Prabowo menggelar ratas di Hambalang bahas karhutla Kalimantan dan bencana NTT. Ada arahan tambahan armada udara dan dukungan rekonstruksi.

Lizsa Egeham
Oleh Lizsa Egeham - Reporter
Prabowo Ratas  Evaluasi Kebakaran Hutan Kalimantan dan Bencana NTT di Hambalang
Presiden Prabowo Subianto menggelar rapat terbatas (ratas) di kediaman pribadi Hambalang, Bogor, Jawa Barat, Minggu, 23 Agustus 2026. Pertemuan yang berlangsung sejak sore hingga malam itu membahas penanggulangan kebakaran hutan dan lahan (karhutla) serta penanganan dampak bencana di Nusa Tenggara Timur (NTT). (Foto: Sekretariat Presiden)

Presiden Prabowo Subianto menggelar rapat terbatas di kediaman pribadinya di Hambalang, Bogor, Jawa Barat, Minggu (23/8/2026). Pertemuan sejak sore hingga malam itu membahas penanggulangan kebakaran hutan dan lahan di Kalimantan serta penanganan dampak bencana di Nusa Tenggara Timur (NTT).

Sejumlah menteri, pimpinan lembaga, dan jajaran petinggi TNI hadir. Menurut Sekretaris Kabinet (Seskab) Teddy Indra Wijaya, agenda yang dibahas mencakup isu-isu strategis yang menjadi perhatian pemerintah.

"Hari Minggu, 23 Agustus 2026, sejak sore sampai dengan malam hari, Presiden Prabowo Subianto memanggil beberapa menteri dan pejabat terkait untuk membahas beberapa isu strategis," tutur Teddy, Senin (24/8/2026).

Instruksi Karhutla: 17 Pesawat dan 1.500 Prajurit

Untuk penanganan karhutla di Kalimantan, pemerintah menginstruksikan penambahan 17 pesawat guna mendukung operasi pemadaman melalui water-bombing.

Selain penguatan armada udara, sebanyak 1.500 prajurit TNI akan dikerahkan berikut perlengkapan perorangan guna membantu penanggulangan karhutla di lapangan.

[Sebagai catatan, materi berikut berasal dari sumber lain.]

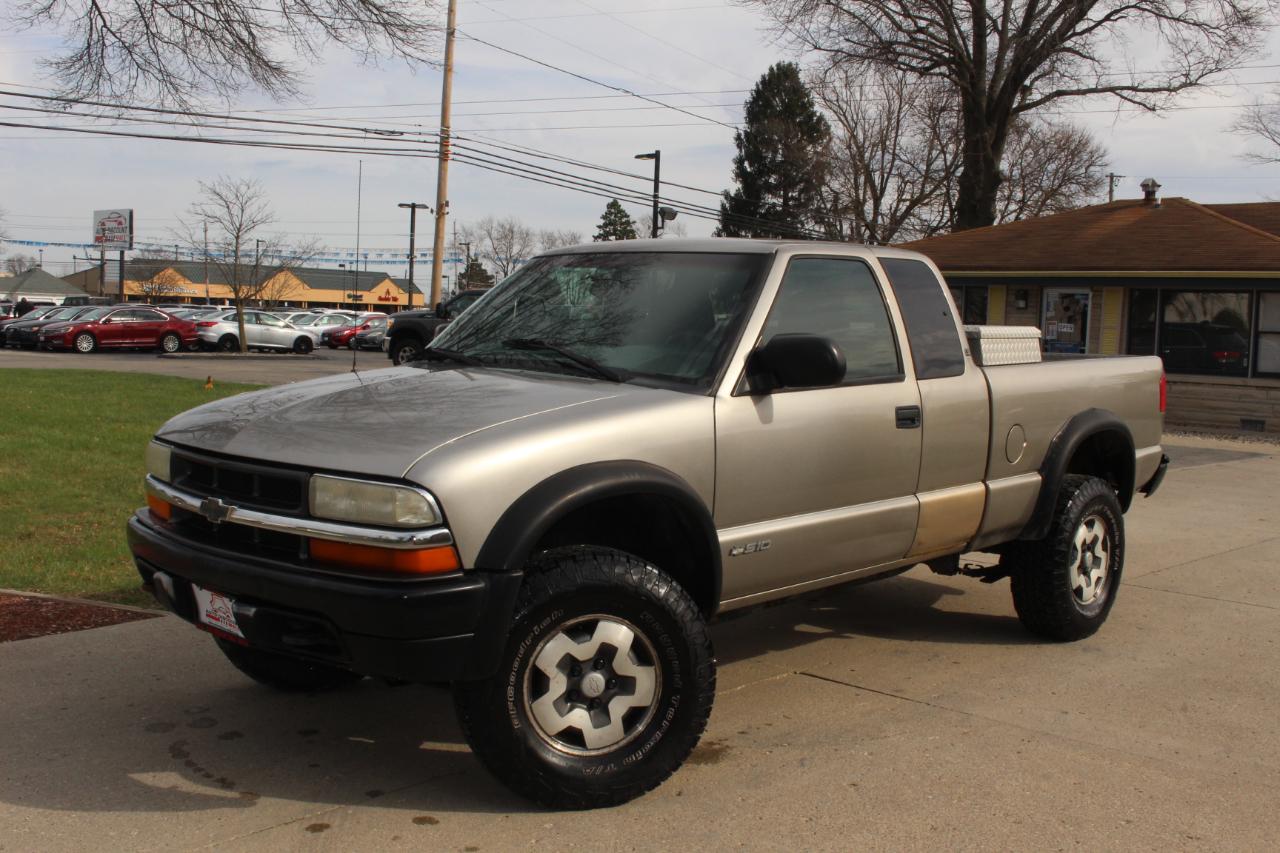 Chevrolet S10 Pickup LS Ext. Cab 4WD 2003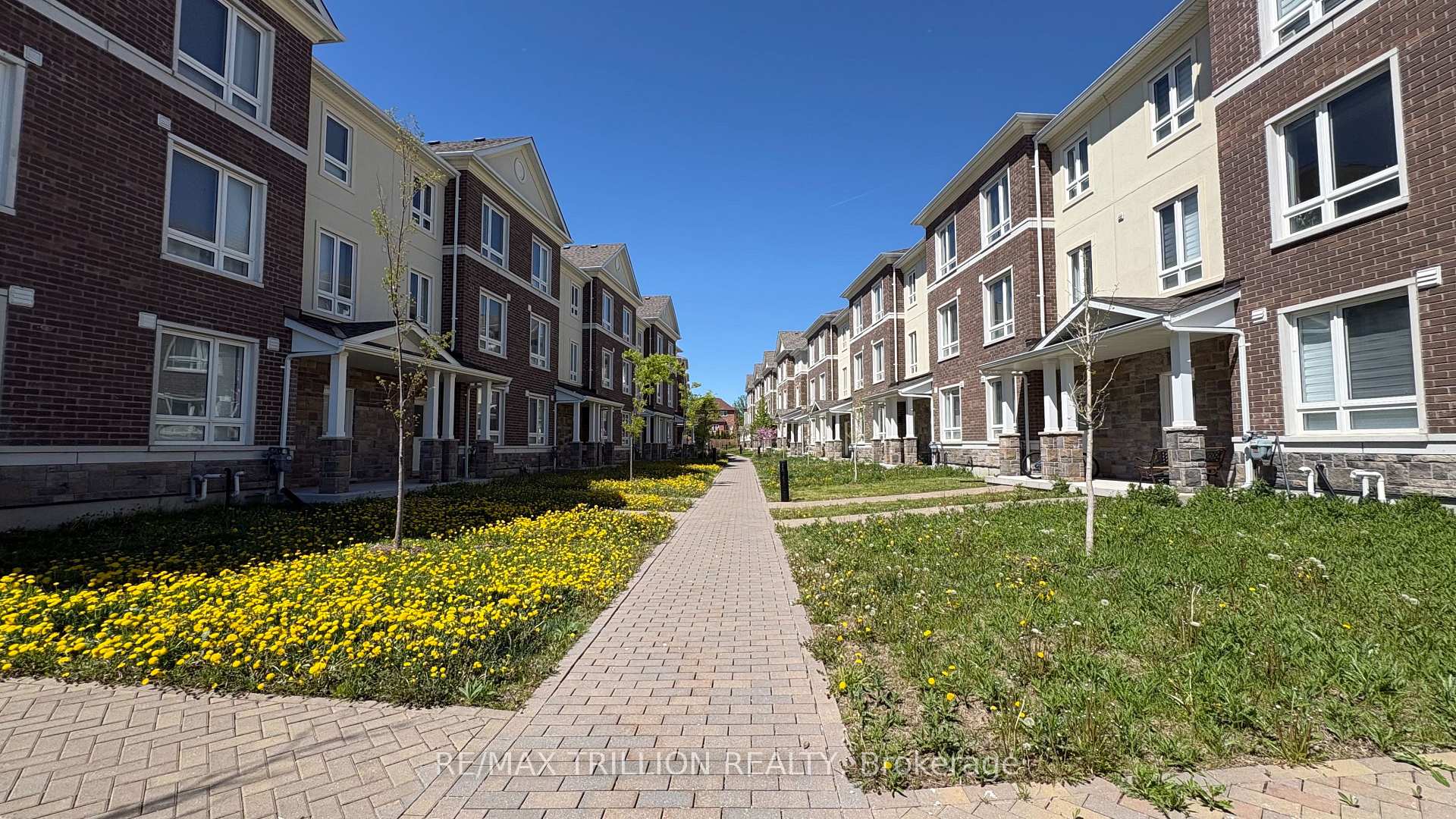 Photo 4 of 91 Massachusetts Lane, Markham, Wismer — HOMEH
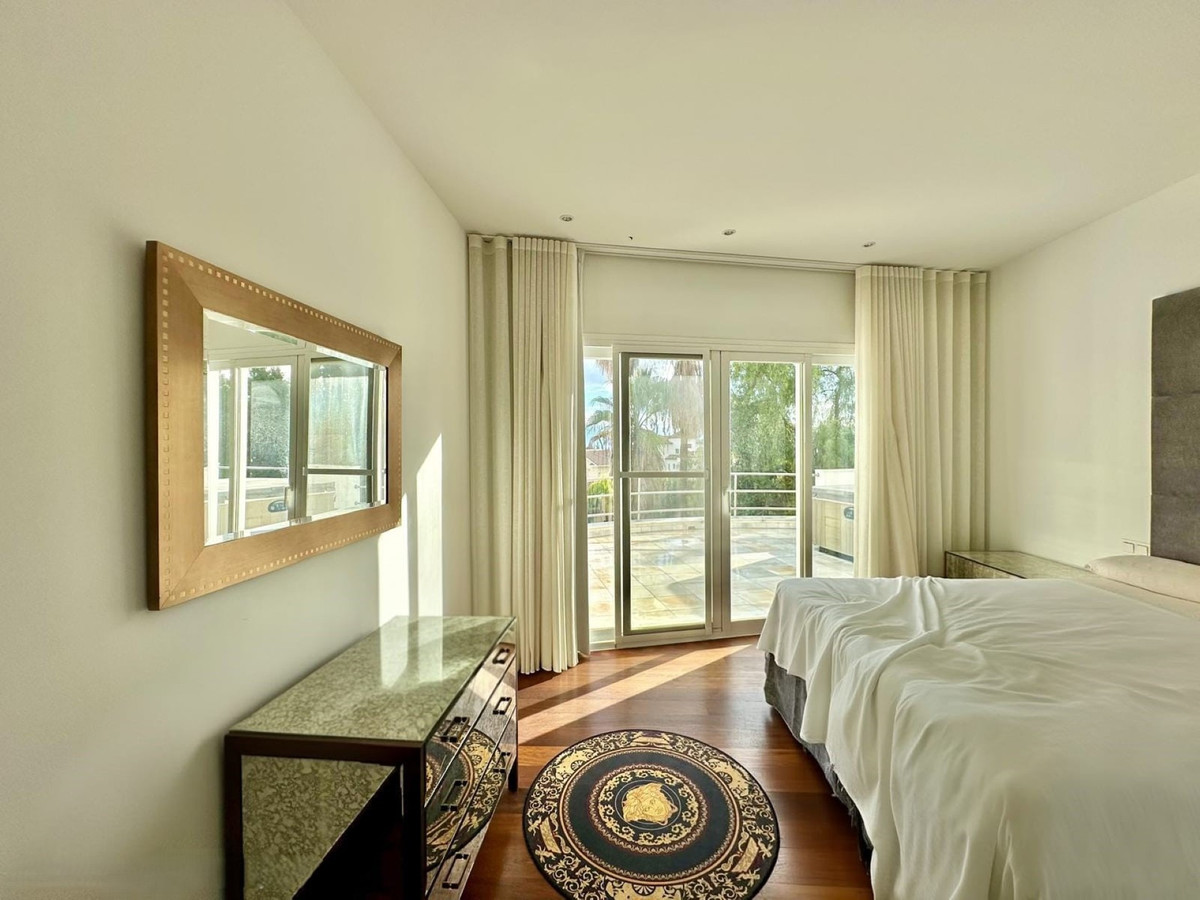 Se vende Villa - Chalet de 4 dormitorios en Costa Del Sol, Málaga, España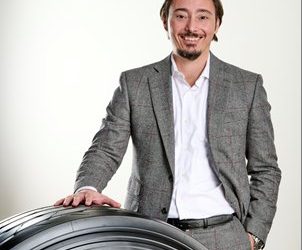 Prometeon Brasil e Vibra lançam projeto na Rede Siga Bem com foco em conveniência na oferta de pneus ao transporte rodoviário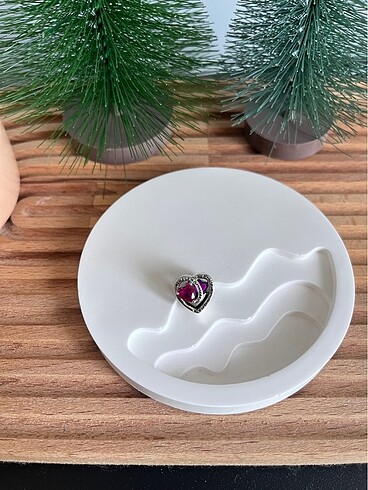 Beden Pandora Kırımızı Kalp Mom Charm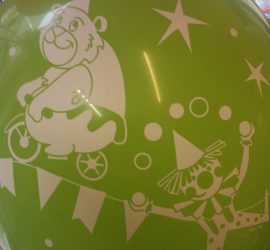 Latexballon mit Zirkusmotiven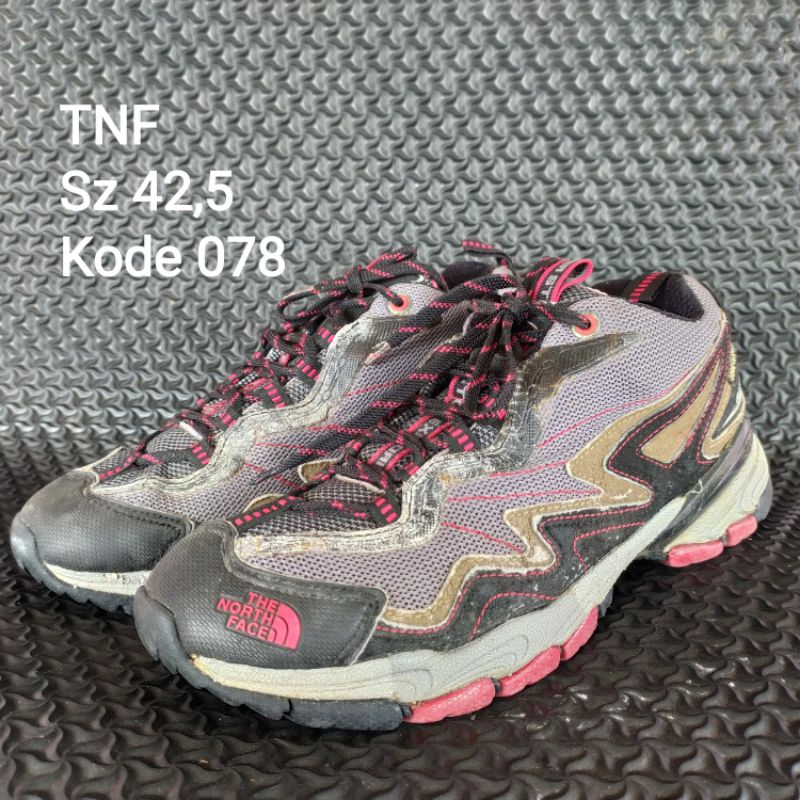 sepatu outdoor second the north face kode 078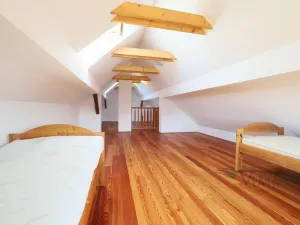 Prodej chalupy, Zahrádky - Horní Dvorce, 180 m2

Pemerintah juga menyiapkan 200 pompa beserta pipa untuk membantu memadamkan api yang berada di bawah permukaan tanah, terutama di kawasan lahan gambut.

Fokus NTT: Bantuan Udara dan Rekonstruksi

Pada sesi terakhir ratas, pembahasan diarahkan pada tindak lanjut instruksi Presiden terkait penanganan bencana di NTT serta distribusi bantuan pemerintah ke wilayah terdampak.

"Pada sesi pertemuan terakhir bersama Panglima TNI dan kepala staf angkatan, Presiden membahas tindak lanjut instruksi Presiden mengenai dukungan yang telah diperintahkan untuk didistribusikan ke daerah Kalimantan dan NTT, khususnya yang melalui penerbangan udara," jelas dia.

"(Instruksi lainnya) rekonstruksi dan penanganan warga terdampak gempa di NTT," kata Teddy.

Prabowo Kumpulkan Pucuk Pimpinan TNI

Pertemuan tersebut dihadiri Panglima TNI Jenderal TNI Agus Subiyanto, Wakil Panglima TNI Jenderal TNI Tandyo Budi Revita, Kepala Staf TNI Angkatan Darat Jenderal TNI Maruli Simanjuntak, Kepala Staf TNI Angkatan Laut Laksamana TNI Muhammad Ali, dan Kepala Staf TNI Angkatan Udara Marsekal TNI M. Tonny Harjono.

Berdasarkan sejumlah foto yang dibagikan Sekretariat Kabinet, rapat juga dihadiri Seskab Teddy Indra Wijaya, Menteri Sekretaris Negara Prasetyo Hadi, Kepala Badan Intelijen Negara M. Herindra, serta Kepala Badan Pengendalian Pembangunan dan Investigasi Khusus Aris Marsudiyanto.

Selain membahas langkah penanganan, Prabowo turut memberikan apresiasi kepada personel TNI dan Polri yang bergerak cepat di lapangan dalam pemadaman karhutla serta membantu penanganan bencana di NTT.